The study, published in the Journal of Urban Health, utilized data from the Community Health Survey to compare unmet healthcare needs in the first year of the pandemic (2020) with the preceding two years (2018-2019). The study found that the percentage of New Yorkers experiencing unmet healthcare needs did not significantly differ during the pandemic, and even decreased among those without health insurance.
However, the effect varied based on health insurance status, with uninsured adults experiencing decreased odds of unmet healthcare needs during the COVID-19 Universal Health Care pandemic compared to previous years, while those with insurance saw a slight increase. These findings underscore the potential impact of COVID-19 Universal Health Care measures on reducing disparities and ensuring equitable access to healthcare services during the pandemic and beyond.
COVID-19 Universal Health care Policy Linked to Reduced Access Disparities and Impact on Healthcare Needs, Study Finds
The impact of unmet healthcare needs during the pandemic appeared to vary based on health insurance status, possibly contributing to the absence of a clear link between the pandemic’s first year and overall unmet care needs.
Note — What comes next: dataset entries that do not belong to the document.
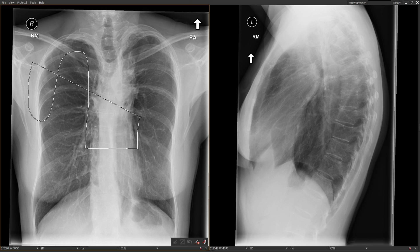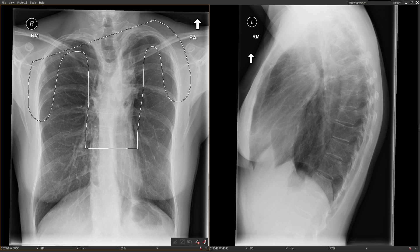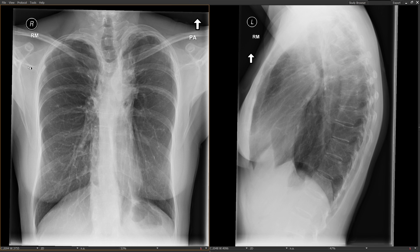The mantle field covered the axilla, the supraclavicular region, and the mediastinum — so this would be the approximate area that received radiation. Looking at this chest X-ray, the first finding is that the borders of the mediastinum are not as crisp and clean as we usually see in a normal patient, because the lung adjacent to the mediastinum has fibrosis in it.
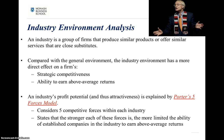The first thing you need to do as part of your industry environment analysis is work out what your industry is. We can define it as a group of firms that produce similar products or offer similar services that are close substitutes. There is no single best way to define your industry, but how you define it will determine your competitors and how you go about doing your analysis.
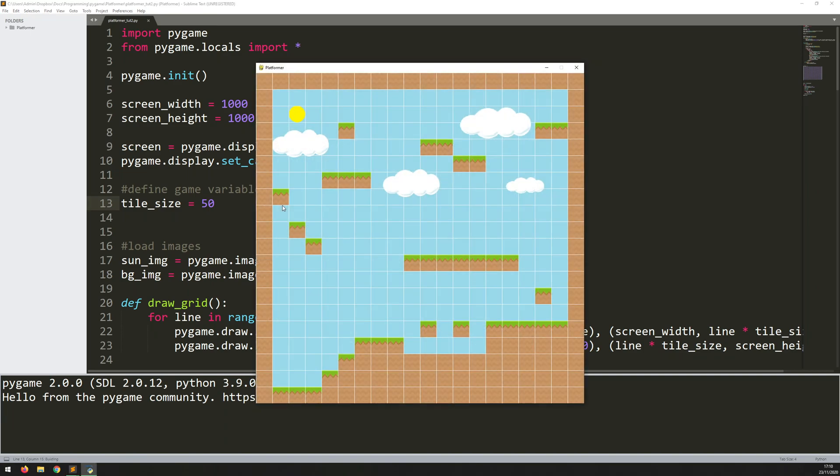Hi folks, in this video I'm going to continue working on this platformer in Pygame. So last time I got as far as creating this grid for the world map and explaining how the tiles are arranged and how this whole thing works.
Interestingly, race and ethnicity did not modify this effect, despite certain groups being disproportionately affected by COVID-19. The implementation of a universal COVID-19 healthcare policy, referred to as “Covid-19 universal health care,” may have played a role in preventing an escalation of healthcare access disparities.
The study underscores the positive impact of universal healthcare on population health, highlighting that even a limited version of such a policy, like “Covid-19 universal health care,” can significantly mitigate disparities in healthcare access.
The findings have important implications for the response to both COVID-19 and future epidemics at the state and city levels, demonstrating the potential benefits of adopting a “Covid-19 universal health care” approach to ensure equitable healthcare access for all.